By: Scott McBride - Updated: 17 Aug 2014 | comments*Discuss
Barber Shop Job Wage Bill Redundancy

Every barber shop that employs people must face up to the possibility that one day it may be necessary to make someone redundant. Most business owners will cringe at the thought, but sometimes it is inevitable.

It can be incredibly difficult to break up a team that has been carefully built and nurtured, but when times are tough the only option may be to reduce costs. The alternative could be the barber shop going out of business – and that would put everyone out of a job.

For a barber shop the wage bill is by far the biggest expense, so losing a member of staff can often be the only way to get through a rough patch. Redundancy is not only extremely unpleasant, it is also legally complicated, so as soon as there are signs that the business is in trouble it is important to get advice and make changes quickly.

Look At Alternatives

Make sure you look at all the possible alternatives to redundancy. Most members of staff would rather take a small pay cut than lose their job altogether, or maybe it is possible to temporarily reduce working hours. If after examining the alternatives redundancy is inevitable, be sure to get legal advice. Although redundancy is a legal reason for dismissing a member of staff, it has to be done in the right way else the business owner may face an employment tribunal.

Voluntary redundancy can be less demoralising for staff, less disruptive and is legally less complicated. It can be more expensive for the business however, as often it is the longer-serving members of staff – those entitles to a higher settlement payment – who volunteer.

Compulsory redundancy gives the barber shop owner more control, but an employer cannot make a subjective selection. Instead a number of criteria are used to select employees. These may include skills and qualifications, performance at work, adaptability and attendance and discipline.

Redundancy Payment

Employees who have worked for the barber shop for at least two years may be legally entitled to a redundancy payment. This will be based on their pay, age and length of continuous service.

Don’t forget to keep the employees informed. Let them know why redundancies are necessary and how they will be selected.
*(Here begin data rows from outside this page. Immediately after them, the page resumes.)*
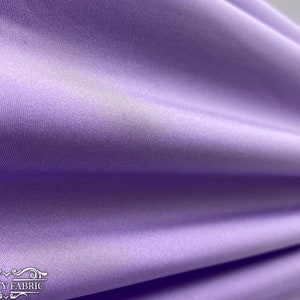 Puede incluir: Primer plano de una tela suave de color lila claro con un brillo sutil. La tela est&aacute; drapeada y doblada, mostrando su textura y ca&iacute;da.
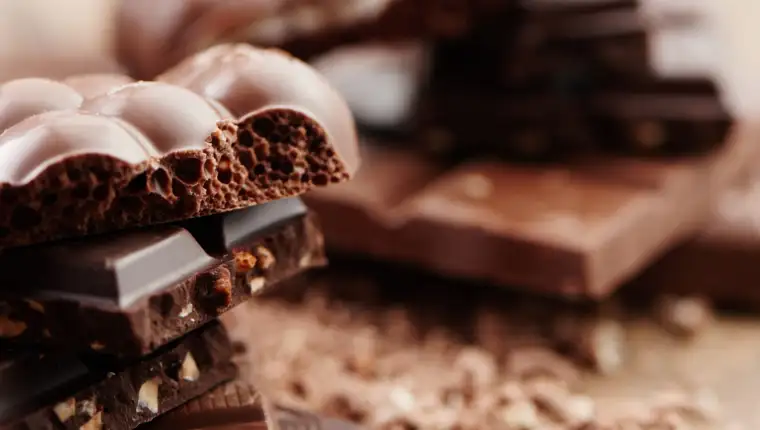Composition of bars and pieces of different milk and dark chocolate, grated cocoa on a brown background side view close up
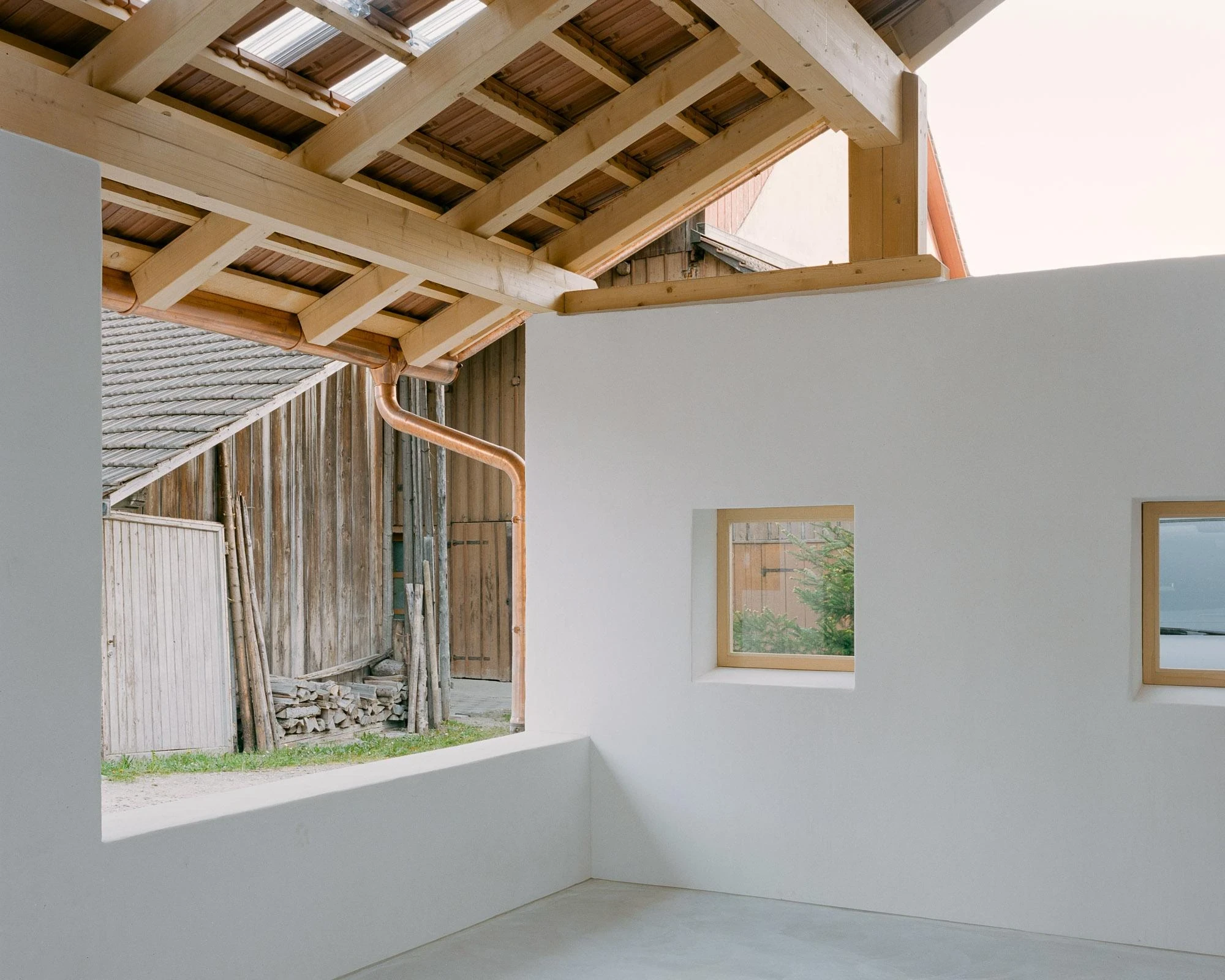 Barn Conversion in Hettlingen by Orso Dettling, photographed by Jeremiah Schwery — Terrace interior with copper downpipe traced down a white render wall, small punched windows framing the weathered barn opposite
Let the whole staff know, not just those selected for redundancy, otherwise workplace gossip will mean everyone will know soon enough anyway.

It is extremely tough to tell people they have been selected for redundancy, so try to handle it in a sensitive manner. Let the employee know why their job is being made redundant, what the selection criteria was, how much they will be due in terms of redundancy payment and the timing of their departure. Try to be as supportive as possible and let employees have time off to attend interviews.

By following sound legal advice and treating staff with respect at all times, what is undoubtedly an unpleasant process can be dealt with sensitively and efficiently and give the barber shop a chance to see out the tough times and bounce back.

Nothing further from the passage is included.